I remember my first boss, who built up his own consultancy business, telling me that it took him 10 years to build the consultancy up to make as much profit as he made when it was just him on his own. He also said that it was very hard work that came at a cost to his family. He did it because he wanted to have a business at the end of it to sell.
In my personal experience serial contracting is easier to get into, easier to adapt within, less risk to start with and less impact on your family (if that's an issue for you). Consultancy looks good because you see big businesses turning over big dollars, but you don't see the level of overhead necessary to run that business unless you look for it.

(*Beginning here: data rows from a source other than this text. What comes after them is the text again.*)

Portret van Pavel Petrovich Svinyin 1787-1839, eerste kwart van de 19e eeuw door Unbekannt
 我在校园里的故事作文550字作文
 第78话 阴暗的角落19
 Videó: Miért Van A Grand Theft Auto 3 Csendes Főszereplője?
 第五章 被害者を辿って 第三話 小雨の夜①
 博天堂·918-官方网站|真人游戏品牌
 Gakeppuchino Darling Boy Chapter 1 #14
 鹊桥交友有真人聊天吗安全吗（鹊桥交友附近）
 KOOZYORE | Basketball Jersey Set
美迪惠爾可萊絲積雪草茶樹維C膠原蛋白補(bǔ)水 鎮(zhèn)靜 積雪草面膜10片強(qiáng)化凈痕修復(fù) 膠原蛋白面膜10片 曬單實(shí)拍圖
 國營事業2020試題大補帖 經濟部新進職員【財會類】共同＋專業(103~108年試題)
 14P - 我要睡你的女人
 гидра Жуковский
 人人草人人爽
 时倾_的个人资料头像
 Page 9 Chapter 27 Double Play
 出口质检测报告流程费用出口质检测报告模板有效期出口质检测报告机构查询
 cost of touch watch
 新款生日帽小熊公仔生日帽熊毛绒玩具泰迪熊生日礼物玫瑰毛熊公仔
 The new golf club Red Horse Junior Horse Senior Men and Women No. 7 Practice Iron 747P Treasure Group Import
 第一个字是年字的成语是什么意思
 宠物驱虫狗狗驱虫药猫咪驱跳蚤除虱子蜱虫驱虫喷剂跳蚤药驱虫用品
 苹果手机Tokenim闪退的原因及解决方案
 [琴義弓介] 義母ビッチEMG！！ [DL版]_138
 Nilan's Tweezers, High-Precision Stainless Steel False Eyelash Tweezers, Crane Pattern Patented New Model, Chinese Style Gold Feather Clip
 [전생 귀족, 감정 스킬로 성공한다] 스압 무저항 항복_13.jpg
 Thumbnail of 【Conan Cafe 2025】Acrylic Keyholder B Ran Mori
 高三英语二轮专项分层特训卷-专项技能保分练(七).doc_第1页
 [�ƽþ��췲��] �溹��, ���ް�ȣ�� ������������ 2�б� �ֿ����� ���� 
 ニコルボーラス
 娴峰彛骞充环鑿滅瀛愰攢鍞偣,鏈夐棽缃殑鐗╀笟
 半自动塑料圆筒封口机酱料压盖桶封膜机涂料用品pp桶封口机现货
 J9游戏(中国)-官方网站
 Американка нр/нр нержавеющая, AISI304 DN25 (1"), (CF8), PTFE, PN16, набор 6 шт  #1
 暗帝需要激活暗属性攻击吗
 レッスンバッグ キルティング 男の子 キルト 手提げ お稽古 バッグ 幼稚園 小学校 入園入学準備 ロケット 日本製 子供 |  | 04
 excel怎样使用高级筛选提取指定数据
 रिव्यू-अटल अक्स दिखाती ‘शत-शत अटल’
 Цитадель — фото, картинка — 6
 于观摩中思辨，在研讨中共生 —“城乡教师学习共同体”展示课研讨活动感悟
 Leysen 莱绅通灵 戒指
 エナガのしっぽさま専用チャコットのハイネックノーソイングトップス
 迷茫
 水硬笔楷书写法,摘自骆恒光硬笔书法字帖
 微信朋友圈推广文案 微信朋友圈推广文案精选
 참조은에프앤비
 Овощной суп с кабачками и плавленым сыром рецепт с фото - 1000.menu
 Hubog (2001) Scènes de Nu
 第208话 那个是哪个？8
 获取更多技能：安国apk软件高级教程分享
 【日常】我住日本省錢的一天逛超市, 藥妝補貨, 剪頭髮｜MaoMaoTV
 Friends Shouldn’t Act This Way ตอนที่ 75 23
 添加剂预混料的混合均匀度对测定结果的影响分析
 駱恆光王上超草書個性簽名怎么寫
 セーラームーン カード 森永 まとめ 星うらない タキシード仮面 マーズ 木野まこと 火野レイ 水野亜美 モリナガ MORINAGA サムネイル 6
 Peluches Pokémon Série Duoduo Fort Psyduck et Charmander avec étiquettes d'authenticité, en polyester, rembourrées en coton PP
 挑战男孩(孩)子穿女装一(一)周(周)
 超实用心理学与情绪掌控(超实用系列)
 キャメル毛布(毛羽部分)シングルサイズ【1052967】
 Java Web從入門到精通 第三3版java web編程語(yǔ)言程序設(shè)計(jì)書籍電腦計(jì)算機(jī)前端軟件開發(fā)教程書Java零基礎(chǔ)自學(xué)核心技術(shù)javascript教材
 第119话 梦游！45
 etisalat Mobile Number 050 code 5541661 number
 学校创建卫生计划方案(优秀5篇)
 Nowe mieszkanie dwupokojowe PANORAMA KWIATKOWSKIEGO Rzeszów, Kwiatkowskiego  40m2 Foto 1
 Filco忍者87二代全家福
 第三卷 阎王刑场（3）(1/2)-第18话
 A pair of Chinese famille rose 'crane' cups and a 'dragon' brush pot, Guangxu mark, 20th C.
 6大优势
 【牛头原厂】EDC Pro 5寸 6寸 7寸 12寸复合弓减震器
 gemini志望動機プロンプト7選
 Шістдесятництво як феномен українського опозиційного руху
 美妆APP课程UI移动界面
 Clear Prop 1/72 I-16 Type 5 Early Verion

For your very first step into contracting there are a few typical options. I'm not sure what country you're from. My experience is the UK and New Zealand and there may be cultural differences
- Reducing your time with current employer but increasing rate. This should still be a saving to them, otherwise why would they go for it. Then you can try to ramp another contract. This is surprisingly hard to do. Companies get used to having their staff around five days a week, especially at ramp up. But if you have a few contacts then you might be able to manage it.
- Find a 3-6 month job at Company A. Do an awesome job. Find another 3-6 month job at Company B. Do an awesome job. Find company C or go back to company A. This might take some time to build up, but will give you stable client base.
This has all been a bit of a stream of consciousness, I hope it makes sense and is useful. Good luck.
Re: TM1 Consultant - transition from permanent job to enterpreneur
Posted: Tue Mar 28, 2017 2:09 pm
To echo what Martin has told you, contracting to do TM1 work is probably the route you'll want to take. It will allow you to be somewhat "independent" if that is your aim. From there, you can gain contacts that might enable you to become your own consultancy in the future. The whole issue is finding work. Without contacts it's going to be nearly impossible to do on your own. I operated as my own business for a few years but it was at a time when I was able to find work with a large company I had a previous relationship with. Once that project ran it's course I was back in the mode of trying to find work and I eventually decided to become an employee with an established firm that had full time salespeople doing all that work getting business. Would I prefer to be out on my own? You bet. However, it's extremely hard to find the kind of lucrative work I would want when you are competing with firms that can dedicate people to filling out RFP's and calling on people. Good luck in whatever you decide to do.